These splendid flowers are those of the Lucky bean tree.
Poor early morning light , and distance, made it difficult to get a good take on these woodland kingfishers.
Dark-capped bulbuls

On our way to a different border crossing…

Emerald-spotted wood-dove

But before getting there, we stopped for coffee at a very small lodge, with, I think, the hope of seeing a particular bird.

Not this tiny one, spotted first by me (a rare occurrence!), a collared sunbird…
but this large pigeon-sized one, very elusive high in the tree, a Schalow’s Turaco, only found immediately round here, and in the same group as the Go-away-birds.
This is the young man who showed us round. He was raising the tree squirrel, hoping to release it into nature in due course. It was very tame.

Continuing, and near the border crossing…

Malachite kingfisher
Another of those Openbills

By lunchtime we had reached the Chobe Safari Lodge, right by the Chobe Safari Park, where we were to spend two nights. I have to say, very comfortable and smart as it was, it was my least favourite resting place.
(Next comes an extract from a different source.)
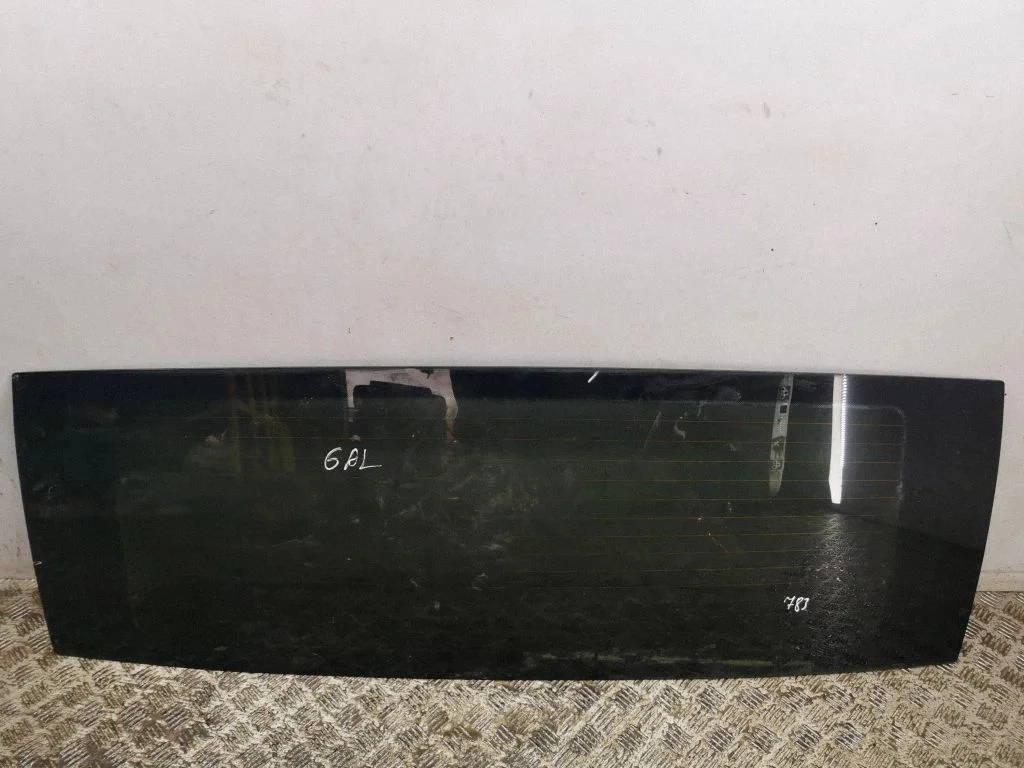 Rear windscreen/windshield window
It was HUGE! As a result the dining area sounded like a large works canteen, very noisy, though I had no complaint about the food. There was a large swimming pool which had many people around it, as if we were at a seaside resort. And my room, on the second floor (there hadn’t been any second floors so far) was really just a very modern, characterless, hotel room, from which this was the view, onto the Chobe River.

Not to be blamed on the lodge, but the temperature that day was the highest we were to know – 38° C max – and, with an overnight temperature of 20°C min, at last I gave in and put some air conditioning on. I had been resisting up to that point on environmental grounds.

A corridor area and part of the dining area, with, rarely, no-one else immediately around

Our leaders, being themselves visitors from Namibia, were not licensed to show us round the national park, so later in the afternoon, we went out for a drive to … another sewage works. Some good sightings though. Here are a few.

Carmine bee-eater
Magpie shrike
We kept a wary eye on this buffalo. It does not appear close because I used a lot of zoom. It appears close because it was close!
Common myna
Impala, solitary, and a long way off.
Red-billed quelea
Red-billed buffalo weaver
African Golden weaver
White-winged widowbird, related to the Red bishop.